Problem statement:
A line below contains "X0000059230531200511041244", and a later one contains "프로 격투 히어로즈 세계를 여행하는 해적 여왕". Repeat both, with every line between them, exactly.
[Provided material Boundary: Start]
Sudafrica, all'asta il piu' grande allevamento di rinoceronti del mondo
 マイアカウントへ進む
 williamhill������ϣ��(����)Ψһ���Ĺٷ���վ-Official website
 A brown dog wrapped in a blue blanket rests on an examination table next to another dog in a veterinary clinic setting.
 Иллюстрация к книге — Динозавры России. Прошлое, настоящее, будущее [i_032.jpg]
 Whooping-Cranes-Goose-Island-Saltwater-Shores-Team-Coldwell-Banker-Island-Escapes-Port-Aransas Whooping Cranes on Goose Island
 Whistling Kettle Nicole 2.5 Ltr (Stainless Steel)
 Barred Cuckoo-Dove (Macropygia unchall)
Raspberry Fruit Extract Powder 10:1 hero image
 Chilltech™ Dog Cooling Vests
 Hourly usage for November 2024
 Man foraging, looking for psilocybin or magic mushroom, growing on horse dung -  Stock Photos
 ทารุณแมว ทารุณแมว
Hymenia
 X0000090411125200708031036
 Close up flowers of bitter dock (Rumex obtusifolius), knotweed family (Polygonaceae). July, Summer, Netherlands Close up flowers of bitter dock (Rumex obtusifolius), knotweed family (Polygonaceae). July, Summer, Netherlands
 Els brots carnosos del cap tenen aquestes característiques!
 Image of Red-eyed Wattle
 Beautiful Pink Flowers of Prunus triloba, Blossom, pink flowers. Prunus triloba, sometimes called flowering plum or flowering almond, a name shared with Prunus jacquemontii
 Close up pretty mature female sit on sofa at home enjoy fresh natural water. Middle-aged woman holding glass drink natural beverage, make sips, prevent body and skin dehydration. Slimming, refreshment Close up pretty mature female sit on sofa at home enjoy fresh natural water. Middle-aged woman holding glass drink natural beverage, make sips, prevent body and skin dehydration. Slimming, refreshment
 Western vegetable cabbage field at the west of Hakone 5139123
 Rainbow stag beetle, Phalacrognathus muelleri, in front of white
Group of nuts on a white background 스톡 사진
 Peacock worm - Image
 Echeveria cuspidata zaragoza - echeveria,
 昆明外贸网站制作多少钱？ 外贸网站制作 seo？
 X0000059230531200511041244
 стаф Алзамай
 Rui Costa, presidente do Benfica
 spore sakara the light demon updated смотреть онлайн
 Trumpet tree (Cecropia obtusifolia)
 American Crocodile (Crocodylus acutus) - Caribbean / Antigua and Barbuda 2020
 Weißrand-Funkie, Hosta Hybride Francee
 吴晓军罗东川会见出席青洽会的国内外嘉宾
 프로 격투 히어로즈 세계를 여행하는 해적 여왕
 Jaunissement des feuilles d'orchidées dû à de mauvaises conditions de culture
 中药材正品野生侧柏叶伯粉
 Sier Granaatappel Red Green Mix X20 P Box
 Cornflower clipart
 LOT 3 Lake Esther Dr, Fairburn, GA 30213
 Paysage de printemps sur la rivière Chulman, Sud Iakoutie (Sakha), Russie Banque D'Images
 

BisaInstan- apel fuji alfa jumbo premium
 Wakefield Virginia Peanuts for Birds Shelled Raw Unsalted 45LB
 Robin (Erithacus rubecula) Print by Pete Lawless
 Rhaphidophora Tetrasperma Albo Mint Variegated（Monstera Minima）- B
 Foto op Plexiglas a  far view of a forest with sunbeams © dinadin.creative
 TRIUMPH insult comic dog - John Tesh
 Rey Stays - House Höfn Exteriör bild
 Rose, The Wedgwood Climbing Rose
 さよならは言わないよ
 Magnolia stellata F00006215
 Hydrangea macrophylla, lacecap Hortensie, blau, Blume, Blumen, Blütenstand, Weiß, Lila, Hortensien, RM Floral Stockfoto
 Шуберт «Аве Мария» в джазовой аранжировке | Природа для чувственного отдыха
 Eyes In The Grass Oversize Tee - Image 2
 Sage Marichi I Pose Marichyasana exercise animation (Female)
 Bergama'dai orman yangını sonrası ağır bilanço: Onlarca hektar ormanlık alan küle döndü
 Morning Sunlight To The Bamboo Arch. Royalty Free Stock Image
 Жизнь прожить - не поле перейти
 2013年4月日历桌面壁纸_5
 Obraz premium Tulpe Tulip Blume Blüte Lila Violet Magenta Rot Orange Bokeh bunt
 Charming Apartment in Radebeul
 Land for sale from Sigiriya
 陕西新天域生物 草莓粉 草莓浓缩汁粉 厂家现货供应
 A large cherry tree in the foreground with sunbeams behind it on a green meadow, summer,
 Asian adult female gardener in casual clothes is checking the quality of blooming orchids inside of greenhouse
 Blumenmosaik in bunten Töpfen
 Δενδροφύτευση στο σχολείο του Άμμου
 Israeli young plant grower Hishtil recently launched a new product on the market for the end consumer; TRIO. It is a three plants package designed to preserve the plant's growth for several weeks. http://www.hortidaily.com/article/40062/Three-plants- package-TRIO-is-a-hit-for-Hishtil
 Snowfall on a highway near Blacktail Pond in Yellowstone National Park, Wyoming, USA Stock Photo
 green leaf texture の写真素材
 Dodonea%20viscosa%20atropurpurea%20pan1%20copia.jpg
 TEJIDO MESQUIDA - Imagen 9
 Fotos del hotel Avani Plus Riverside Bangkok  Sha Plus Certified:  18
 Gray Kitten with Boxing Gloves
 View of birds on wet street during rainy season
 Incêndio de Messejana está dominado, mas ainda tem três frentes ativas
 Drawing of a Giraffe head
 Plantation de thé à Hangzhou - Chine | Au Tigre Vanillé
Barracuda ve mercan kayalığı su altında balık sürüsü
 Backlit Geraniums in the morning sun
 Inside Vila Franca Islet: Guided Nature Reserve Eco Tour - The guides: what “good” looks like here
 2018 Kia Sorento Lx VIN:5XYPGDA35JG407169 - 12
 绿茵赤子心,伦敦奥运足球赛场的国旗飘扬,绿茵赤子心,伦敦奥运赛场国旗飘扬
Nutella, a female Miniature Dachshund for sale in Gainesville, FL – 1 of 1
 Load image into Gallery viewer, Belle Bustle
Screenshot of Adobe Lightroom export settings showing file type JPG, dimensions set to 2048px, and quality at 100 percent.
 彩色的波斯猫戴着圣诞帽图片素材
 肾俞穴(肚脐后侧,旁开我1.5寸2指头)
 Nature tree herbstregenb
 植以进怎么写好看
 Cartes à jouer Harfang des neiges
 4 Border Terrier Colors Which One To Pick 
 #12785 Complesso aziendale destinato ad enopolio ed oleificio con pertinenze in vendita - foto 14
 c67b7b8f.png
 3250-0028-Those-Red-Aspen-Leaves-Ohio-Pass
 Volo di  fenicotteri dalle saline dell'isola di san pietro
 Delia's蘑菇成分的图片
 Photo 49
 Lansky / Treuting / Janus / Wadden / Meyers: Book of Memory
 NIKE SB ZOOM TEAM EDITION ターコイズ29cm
[Provided material Boundary: End]
Your solution:
 X0000059230531200511041244
 стаф Алзамай
 Rui Costa, presidente do Benfica
 spore sakara the light demon updated смотреть онлайн
 Trumpet tree (Cecropia obtusifolia)
 American Crocodile (Crocodylus acutus) - Caribbean / Antigua and Barbuda 2020
 Weißrand-Funkie, Hosta Hybride Francee
 吴晓军罗东川会见出席青洽会的国内外嘉宾
 프로 격투 히어로즈 세계를 여행하는 해적 여왕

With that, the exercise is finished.